== Recorded information ==
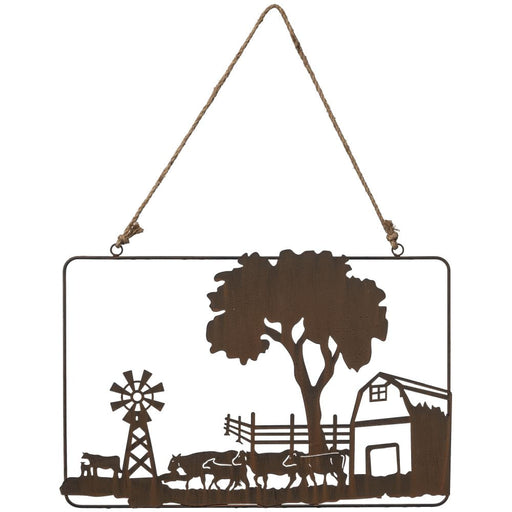 Barn/Cows Wall Hanging - Brown  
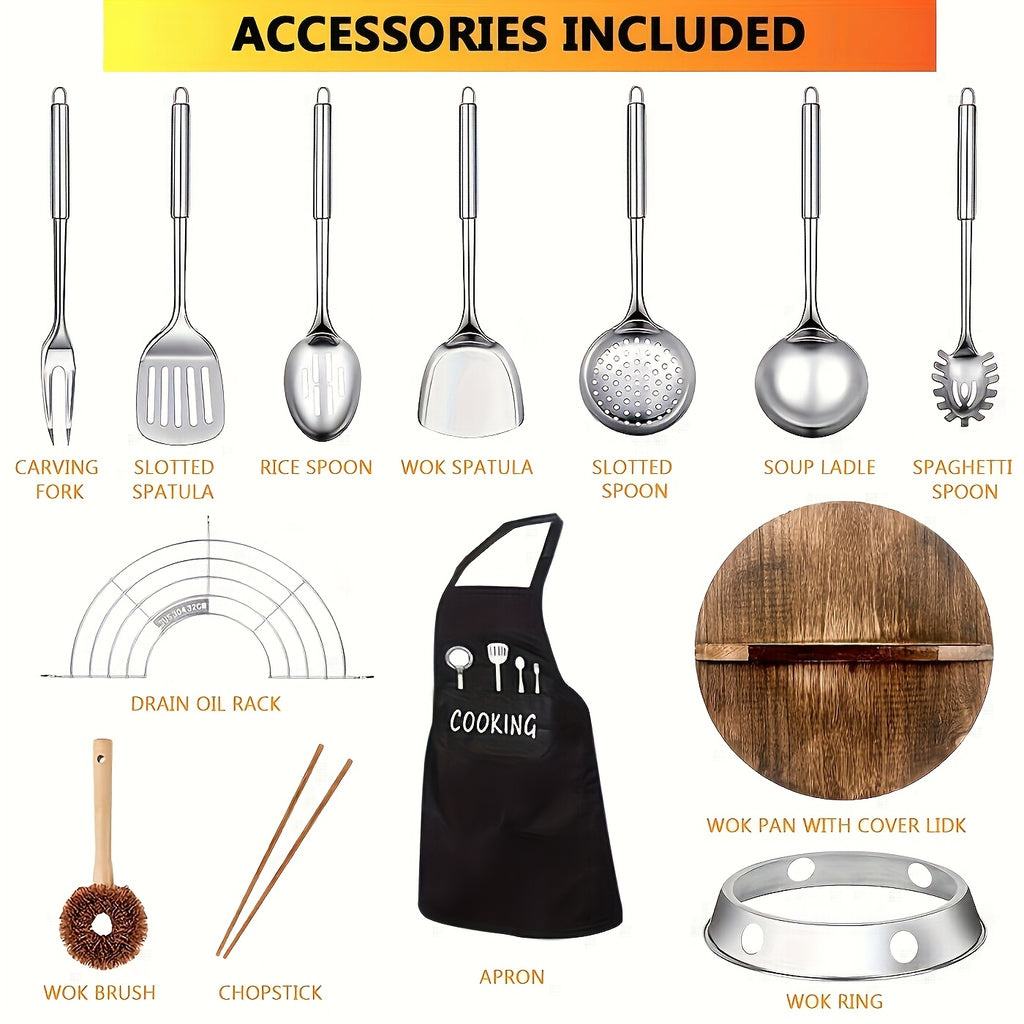 Wok, Cast Iron Frying Pan Wok Set - Nonstick, 12.6 Inch Pan With 13 Cookware Accessories, Suitable For All Stoves, Kitchen Utensils, Kitchen Tools, Kitchen Accessory, Kitchen Supplies Camping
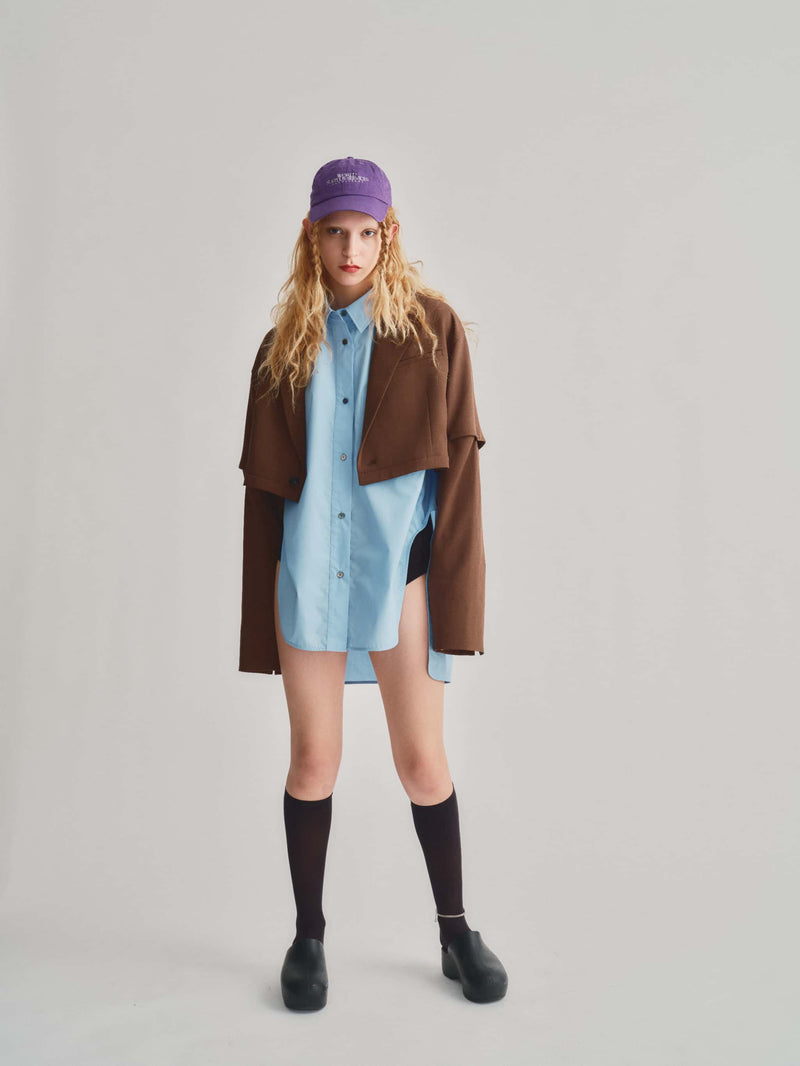 ２WAY COLLAR OVER SHIRT / BLUE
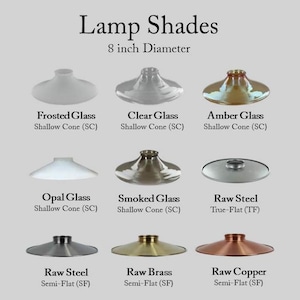 May include: A grid of nine lamp shades with an 8 inch diameter. The collection includes frosted, clear, and amber glass shallow cones, opal and smoked glass shallow cones, a raw steel true-flat shade, and raw steel, brass, and copper semi-flat shades.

== Your goal ==
Every line of the listing should be repeated exactly; no picture should appear.

== Answer below ==
 Barn/Cows Wall Hanging - Brown  
 Wok, Cast Iron Frying Pan Wok Set - Nonstick, 12.6 Inch Pan With 13 Cookware Accessories, Suitable For All Stoves, Kitchen Utensils, Kitchen Tools, Kitchen Accessory, Kitchen Supplies Camping
 ２WAY COLLAR OVER SHIRT / BLUE
 May include: A grid of nine lamp shades with an 8 inch diameter. The collection includes frosted, clear, and amber glass shallow cones, opal and smoked glass shallow cones, a raw steel true-flat shade, and raw steel, brass, and copper semi-flat shades.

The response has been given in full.